> **Problem statement**:
After locating the line with "2020 TESLA MODEL 3 5YJ3E1EAXLF630930" in the entries below, output it and each following line up to and including the line with "Bottega Veneta Nappa", exactly and without pictures.

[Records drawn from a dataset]
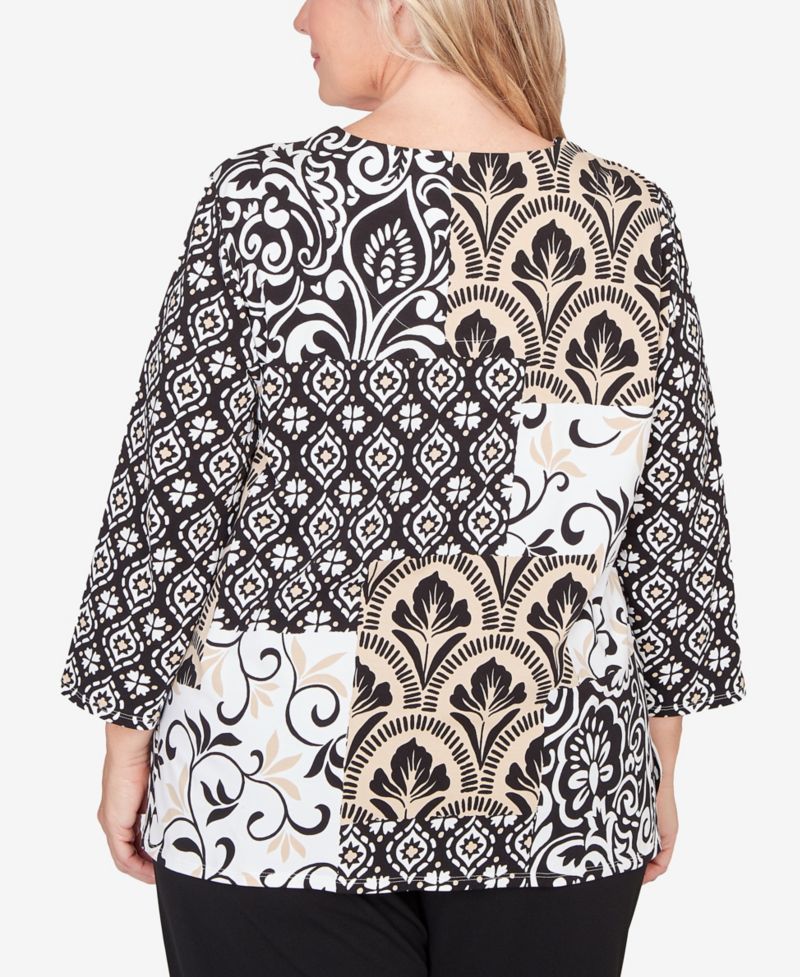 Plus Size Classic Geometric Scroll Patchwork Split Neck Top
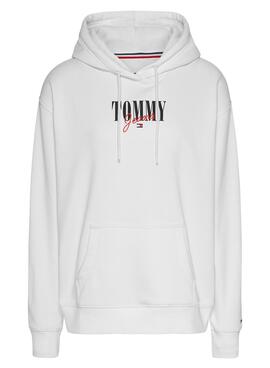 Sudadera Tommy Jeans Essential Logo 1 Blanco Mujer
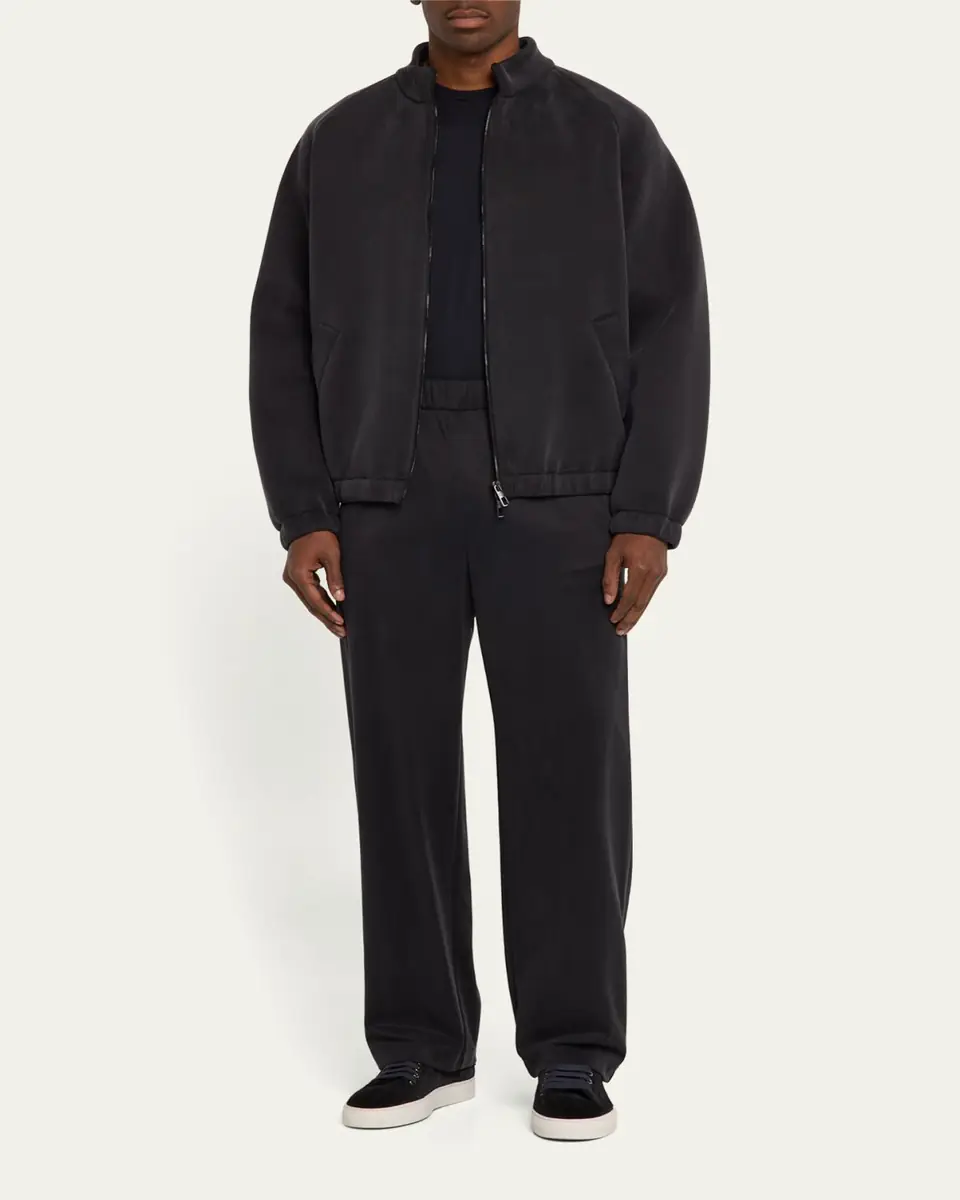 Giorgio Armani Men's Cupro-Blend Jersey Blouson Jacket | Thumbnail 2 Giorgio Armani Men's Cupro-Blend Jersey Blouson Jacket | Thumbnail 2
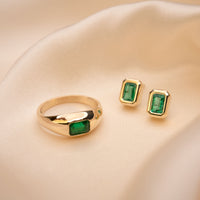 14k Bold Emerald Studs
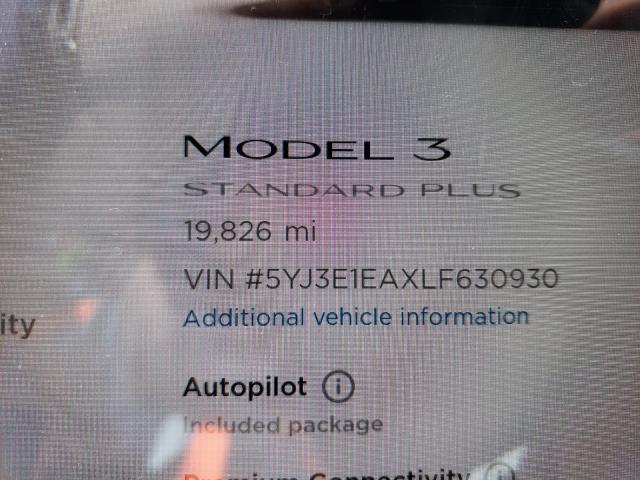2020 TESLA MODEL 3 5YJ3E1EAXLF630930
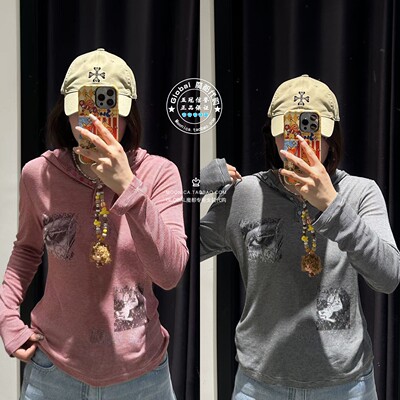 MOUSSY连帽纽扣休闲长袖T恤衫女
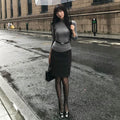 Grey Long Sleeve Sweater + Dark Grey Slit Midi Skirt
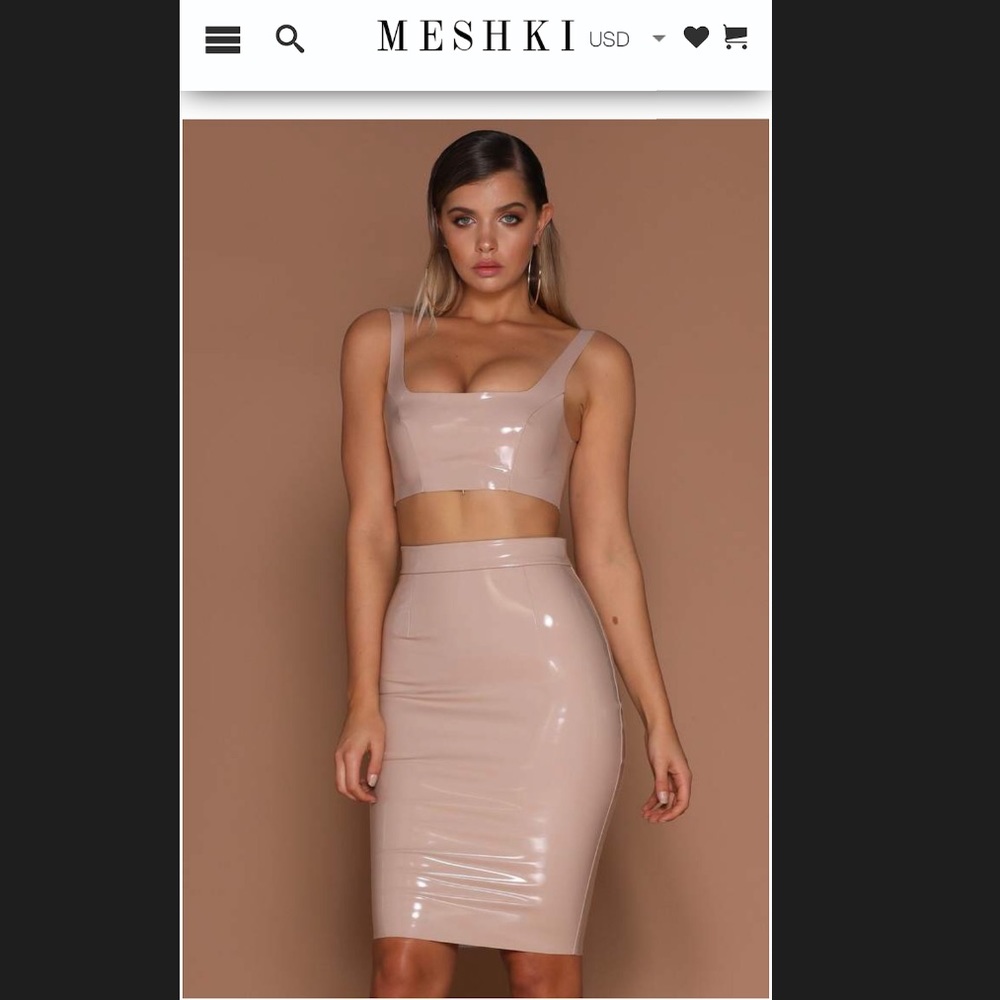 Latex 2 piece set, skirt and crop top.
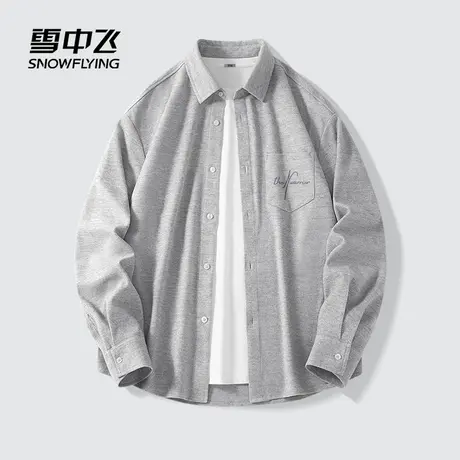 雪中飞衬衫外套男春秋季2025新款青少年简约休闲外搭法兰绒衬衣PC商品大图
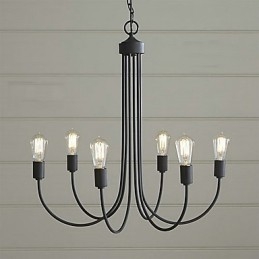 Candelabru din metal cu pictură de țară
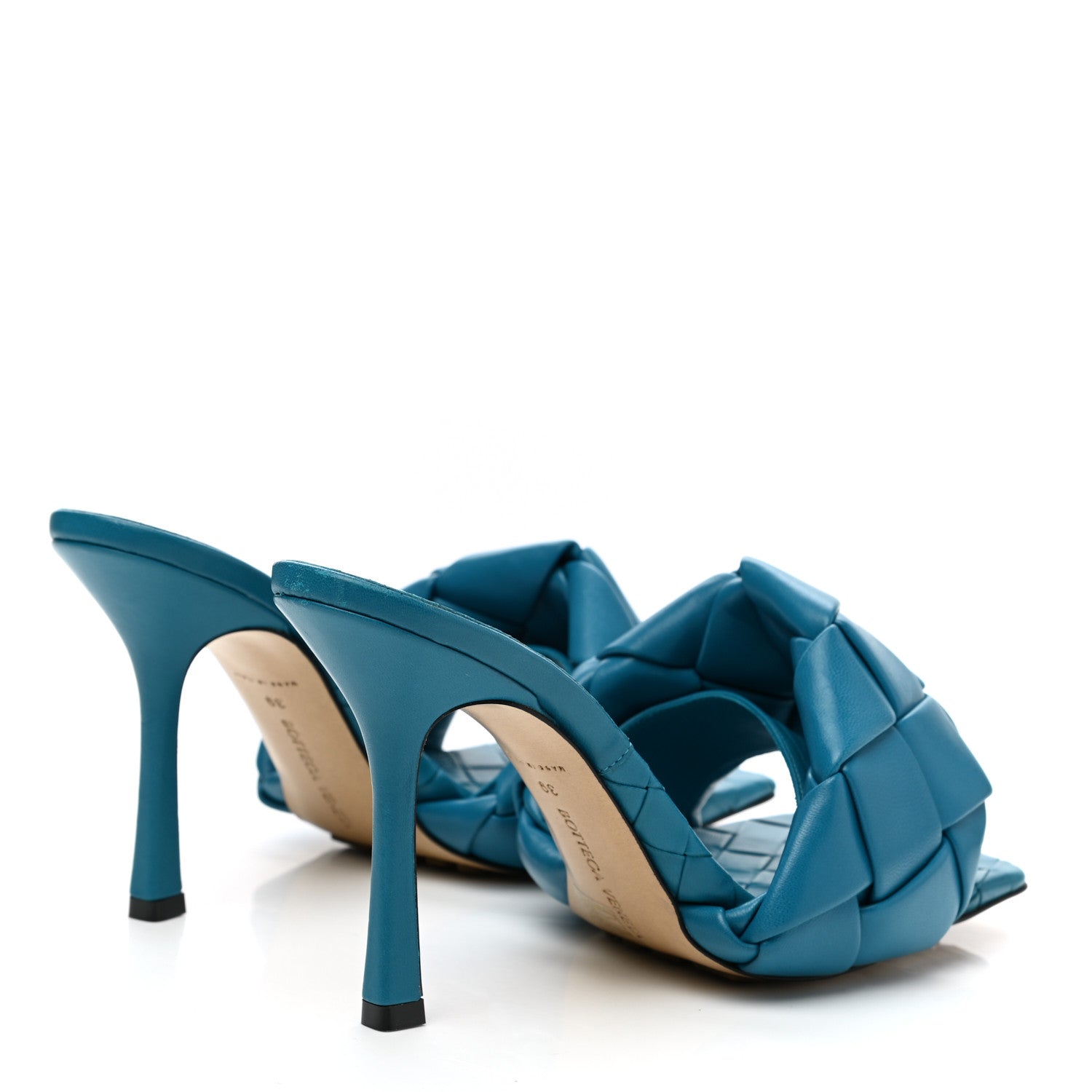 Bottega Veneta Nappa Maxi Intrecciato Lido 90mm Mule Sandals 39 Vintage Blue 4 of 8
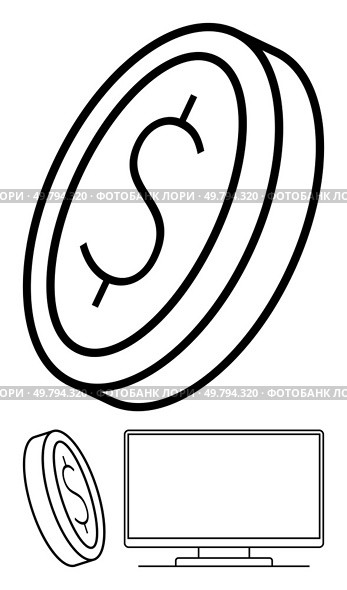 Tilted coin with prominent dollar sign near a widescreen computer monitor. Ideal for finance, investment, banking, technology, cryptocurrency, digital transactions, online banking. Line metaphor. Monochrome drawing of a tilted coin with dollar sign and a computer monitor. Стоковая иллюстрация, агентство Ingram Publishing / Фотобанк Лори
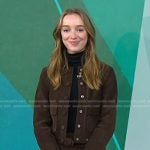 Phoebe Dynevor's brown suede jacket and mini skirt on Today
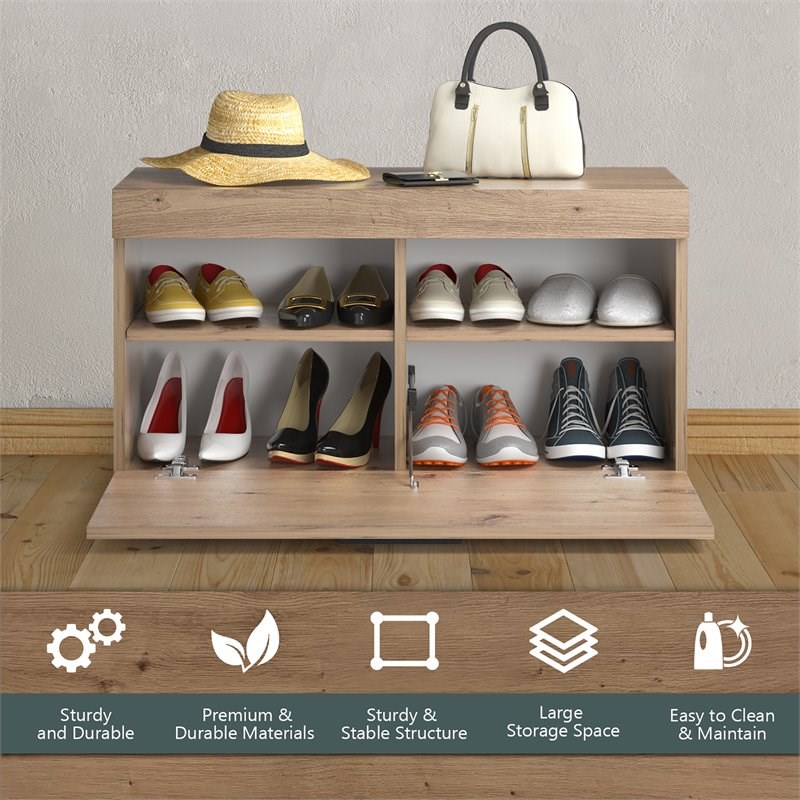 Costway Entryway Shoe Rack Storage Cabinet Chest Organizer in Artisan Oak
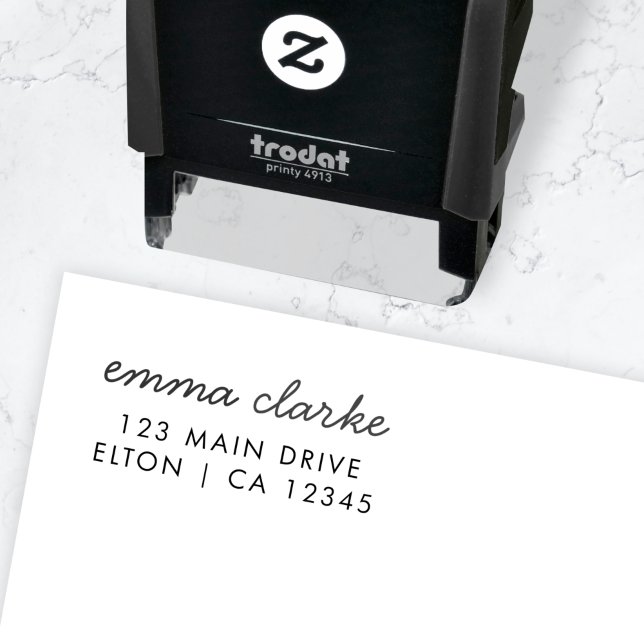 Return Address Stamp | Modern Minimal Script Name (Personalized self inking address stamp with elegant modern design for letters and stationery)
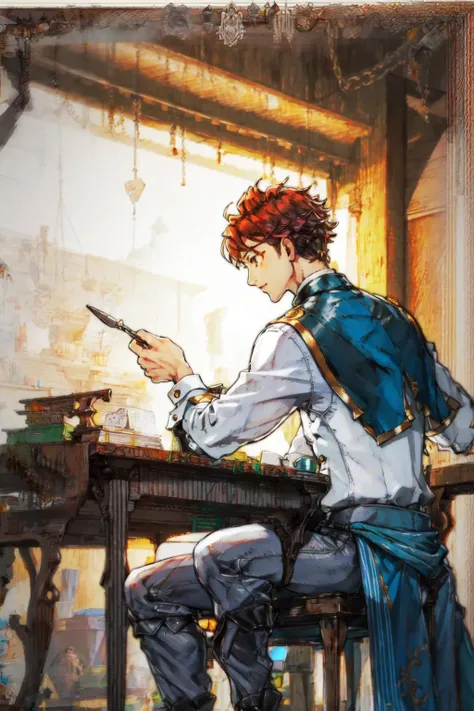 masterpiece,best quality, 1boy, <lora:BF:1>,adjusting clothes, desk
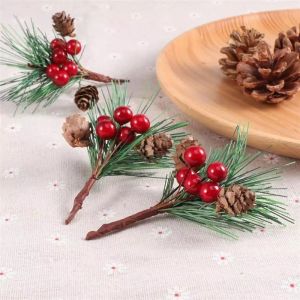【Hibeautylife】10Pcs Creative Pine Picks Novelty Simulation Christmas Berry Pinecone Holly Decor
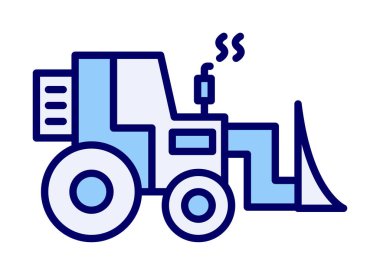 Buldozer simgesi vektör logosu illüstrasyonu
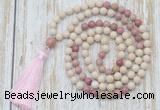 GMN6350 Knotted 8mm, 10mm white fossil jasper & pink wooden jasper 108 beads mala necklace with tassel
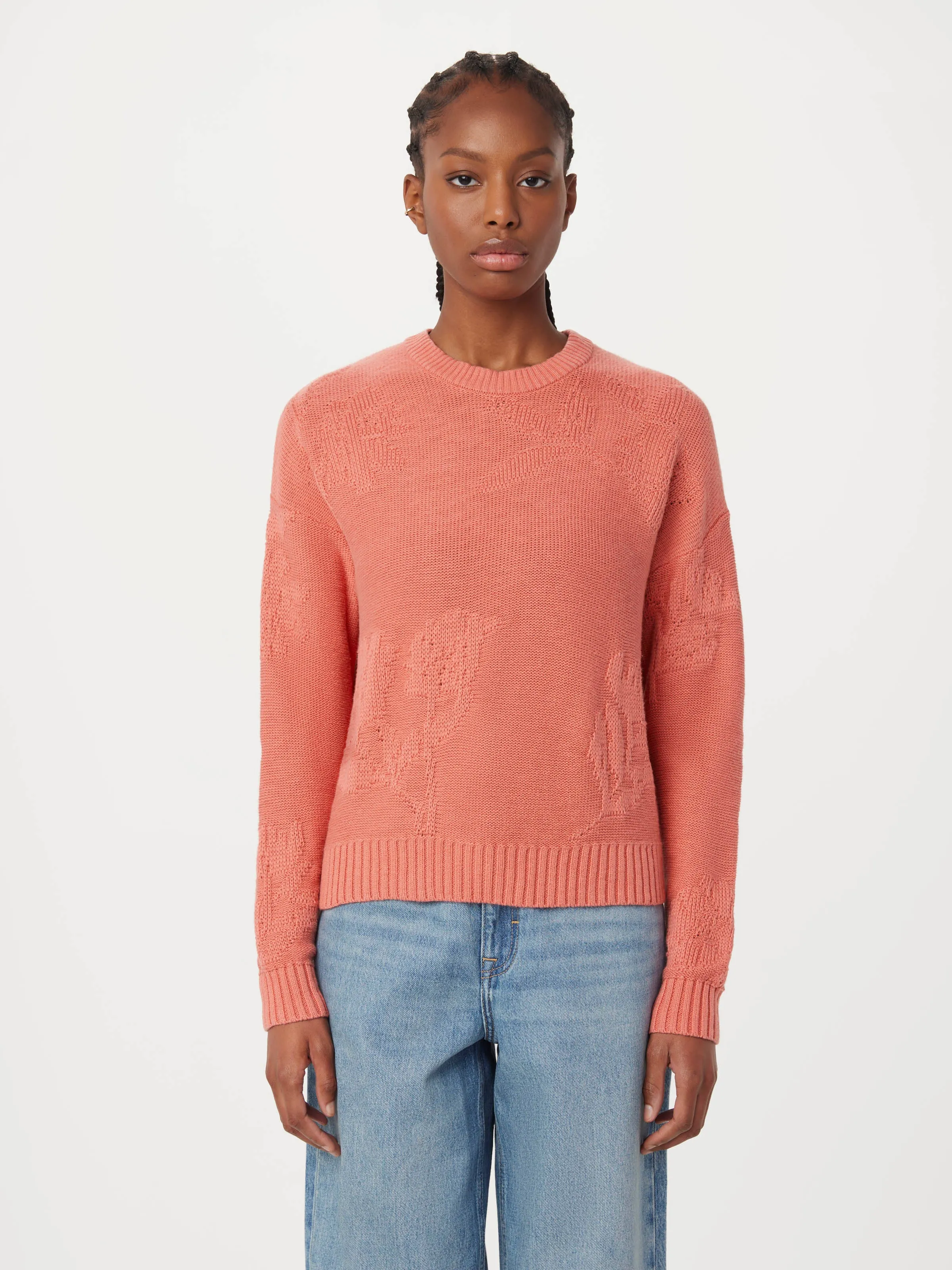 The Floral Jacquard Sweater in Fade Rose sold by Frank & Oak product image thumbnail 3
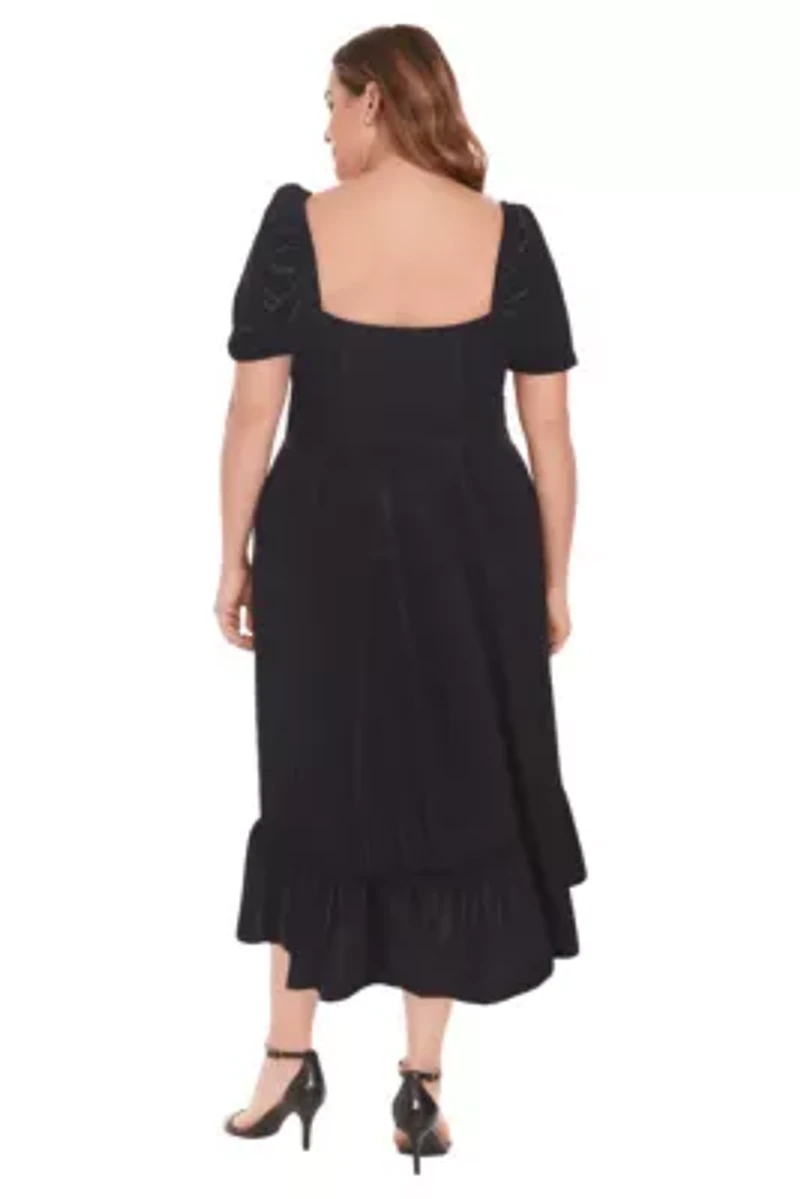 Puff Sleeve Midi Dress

> **Response to the task**:
2020 TESLA MODEL 3 5YJ3E1EAXLF630930
 MOUSSY连帽纽扣休闲长袖T恤衫女
 Grey Long Sleeve Sweater + Dark Grey Slit Midi Skirt
 Latex 2 piece set, skirt and crop top.
 雪中飞衬衫外套男春秋季2025新款青少年简约休闲外搭法兰绒衬衣PC商品大图
 Candelabru din metal cu pictură de țară
 Bottega Veneta Nappa Maxi Intrecciato Lido 90mm Mule Sandals 39 Vintage Blue 4 of 8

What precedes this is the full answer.